LGI1 deficiency: Several studies have shown that LGI1 deficiency can lead to seizures in both humans and animal models. In humans, LGI1 mutations have been identified in individuals with autosomal dominant lateral temporal epilepsy (ADLTE), a rare form of epilepsy that is characterized by seizures that originate in the temporal lobe. In animal models, LGI1 knockout mice exhibit spontaneous seizures and impaired synaptic function.
LGI1 and synaptic function: LGI1 is thought to play a role in the regulation of synaptic function by interacting with a number of other proteins, including ADAM22, ADAM23, and the postsynaptic density protein PSD-95. These interactions are essential for the formation and maintenance of synapses, and their disruption can lead to impaired synaptic transmission and seizures.
LGI1 as a therapeutic target: The role of LGI1 in epilepsy and its involvement in synaptic function make it a promising therapeutic target for the treatment of seizures. Several approaches are being investigated to target LGI1, including:
* LGI1 gene therapy: This approach aims to introduce a functional LGI1 gene into cells that are deficient in LGI1. Gene therapy has shown promise in animal models of LGI1 deficiency, and clinical trials are currently underway to evaluate its safety and efficacy in humans.

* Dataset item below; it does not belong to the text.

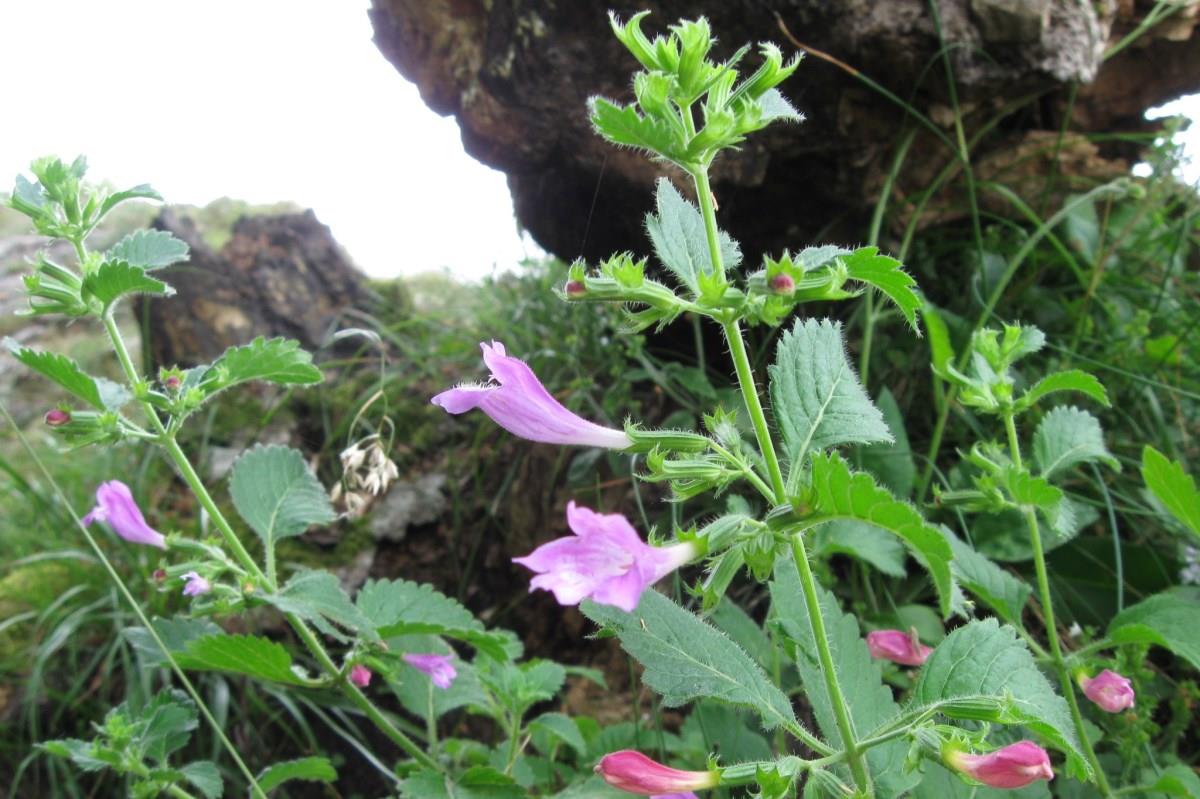 Clinopodium grandiflora (door José Langens)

* LGI1 protein therapy: This approach involves administering recombinant LGI1 protein to individuals with LGI1 deficiency. Protein therapy has been shown to be effective in improving synaptic function and reducing seizures in animal models of LGI1 deficiency.
* Small molecule inhibitors of LGI1 interactors: This approach aims to develop drugs that inhibit the interactions between LGI1 and its binding partners. By disrupting these interactions, it may be possible to prevent the formation of abnormal synapses and reduce seizures.
Overall, LGI1 is a promising antiseizure target, and ongoing research efforts are aimed at developing therapies that can modulate LGI1 function and improve outcomes for individuals with epilepsy.